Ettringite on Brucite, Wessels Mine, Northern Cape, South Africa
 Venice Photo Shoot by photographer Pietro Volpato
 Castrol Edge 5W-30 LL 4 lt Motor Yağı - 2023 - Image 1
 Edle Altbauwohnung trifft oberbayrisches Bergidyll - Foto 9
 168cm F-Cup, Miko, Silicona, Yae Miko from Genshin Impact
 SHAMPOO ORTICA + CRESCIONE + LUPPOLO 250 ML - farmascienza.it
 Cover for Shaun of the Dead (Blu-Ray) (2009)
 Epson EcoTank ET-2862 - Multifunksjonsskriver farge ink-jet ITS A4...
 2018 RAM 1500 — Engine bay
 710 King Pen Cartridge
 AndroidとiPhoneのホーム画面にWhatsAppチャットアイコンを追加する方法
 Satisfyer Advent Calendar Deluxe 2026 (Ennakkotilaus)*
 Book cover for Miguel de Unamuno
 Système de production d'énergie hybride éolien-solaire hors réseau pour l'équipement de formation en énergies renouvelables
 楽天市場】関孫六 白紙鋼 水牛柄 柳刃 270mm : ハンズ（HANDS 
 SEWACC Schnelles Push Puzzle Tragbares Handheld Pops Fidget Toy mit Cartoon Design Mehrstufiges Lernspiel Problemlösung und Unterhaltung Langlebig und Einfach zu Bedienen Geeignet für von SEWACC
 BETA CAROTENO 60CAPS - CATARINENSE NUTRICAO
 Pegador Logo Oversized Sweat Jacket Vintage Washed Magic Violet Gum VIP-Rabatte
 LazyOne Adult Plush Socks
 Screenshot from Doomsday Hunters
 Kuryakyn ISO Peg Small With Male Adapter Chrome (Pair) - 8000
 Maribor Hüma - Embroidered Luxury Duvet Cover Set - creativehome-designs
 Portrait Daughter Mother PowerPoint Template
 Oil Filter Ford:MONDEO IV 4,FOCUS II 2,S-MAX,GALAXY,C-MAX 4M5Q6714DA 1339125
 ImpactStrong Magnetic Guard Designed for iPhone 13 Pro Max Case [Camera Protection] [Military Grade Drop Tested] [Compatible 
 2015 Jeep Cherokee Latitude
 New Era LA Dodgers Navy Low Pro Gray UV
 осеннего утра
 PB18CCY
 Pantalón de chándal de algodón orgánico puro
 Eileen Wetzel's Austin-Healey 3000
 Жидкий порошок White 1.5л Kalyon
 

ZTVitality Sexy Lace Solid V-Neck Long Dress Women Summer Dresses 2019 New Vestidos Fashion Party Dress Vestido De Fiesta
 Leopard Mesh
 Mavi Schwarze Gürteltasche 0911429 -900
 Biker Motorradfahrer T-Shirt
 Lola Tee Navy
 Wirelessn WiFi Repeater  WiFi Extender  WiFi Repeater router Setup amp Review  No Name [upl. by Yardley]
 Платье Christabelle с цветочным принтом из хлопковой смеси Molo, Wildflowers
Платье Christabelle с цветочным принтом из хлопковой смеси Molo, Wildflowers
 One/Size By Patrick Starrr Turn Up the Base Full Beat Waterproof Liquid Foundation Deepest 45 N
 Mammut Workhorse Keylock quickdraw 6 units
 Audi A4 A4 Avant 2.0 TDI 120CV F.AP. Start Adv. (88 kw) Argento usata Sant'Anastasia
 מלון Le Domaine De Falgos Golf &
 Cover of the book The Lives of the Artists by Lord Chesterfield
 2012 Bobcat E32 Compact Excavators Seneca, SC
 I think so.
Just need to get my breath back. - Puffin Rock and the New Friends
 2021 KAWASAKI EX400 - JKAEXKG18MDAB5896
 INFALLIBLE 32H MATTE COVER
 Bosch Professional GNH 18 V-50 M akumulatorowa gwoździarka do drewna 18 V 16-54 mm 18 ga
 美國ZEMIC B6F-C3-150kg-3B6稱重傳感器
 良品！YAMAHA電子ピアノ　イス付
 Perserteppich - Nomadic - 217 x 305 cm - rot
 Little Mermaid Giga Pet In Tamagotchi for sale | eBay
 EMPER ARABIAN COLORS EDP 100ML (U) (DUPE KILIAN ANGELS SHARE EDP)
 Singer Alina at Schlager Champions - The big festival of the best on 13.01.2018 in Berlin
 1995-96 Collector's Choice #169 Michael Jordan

Assigned task => Set each line down exactly, starting with the one that contains "Biker Motorradfahrer T-Shirt" and ending with the last line of the listing; add nothing else.

Final answer =>
 Biker Motorradfahrer T-Shirt
 Lola Tee Navy
 Wirelessn WiFi Repeater  WiFi Extender  WiFi Repeater router Setup amp Review  No Name [upl. by Yardley]
 Платье Christabelle с цветочным принтом из хлопковой смеси Molo, Wildflowers
Платье Christabelle с цветочным принтом из хлопковой смеси Molo, Wildflowers
 One/Size By Patrick Starrr Turn Up the Base Full Beat Waterproof Liquid Foundation Deepest 45 N
 Mammut Workhorse Keylock quickdraw 6 units
 Audi A4 A4 Avant 2.0 TDI 120CV F.AP. Start Adv. (88 kw) Argento usata Sant'Anastasia
 מלון Le Domaine De Falgos Golf &
 Cover of the book The Lives of the Artists by Lord Chesterfield
 2012 Bobcat E32 Compact Excavators Seneca, SC
 I think so.
Just need to get my breath back. - Puffin Rock and the New Friends
 2021 KAWASAKI EX400 - JKAEXKG18MDAB5896
 INFALLIBLE 32H MATTE COVER
 Bosch Professional GNH 18 V-50 M akumulatorowa gwoździarka do drewna 18 V 16-54 mm 18 ga
 美國ZEMIC B6F-C3-150kg-3B6稱重傳感器
 良品！YAMAHA電子ピアノ　イス付
 Perserteppich - Nomadic - 217 x 305 cm - rot
 Little Mermaid Giga Pet In Tamagotchi for sale | eBay
 EMPER ARABIAN COLORS EDP 100ML (U) (DUPE KILIAN ANGELS SHARE EDP)
 Singer Alina at Schlager Champions - The big festival of the best on 13.01.2018 in Berlin
 1995-96 Collector's Choice #169 Michael Jordan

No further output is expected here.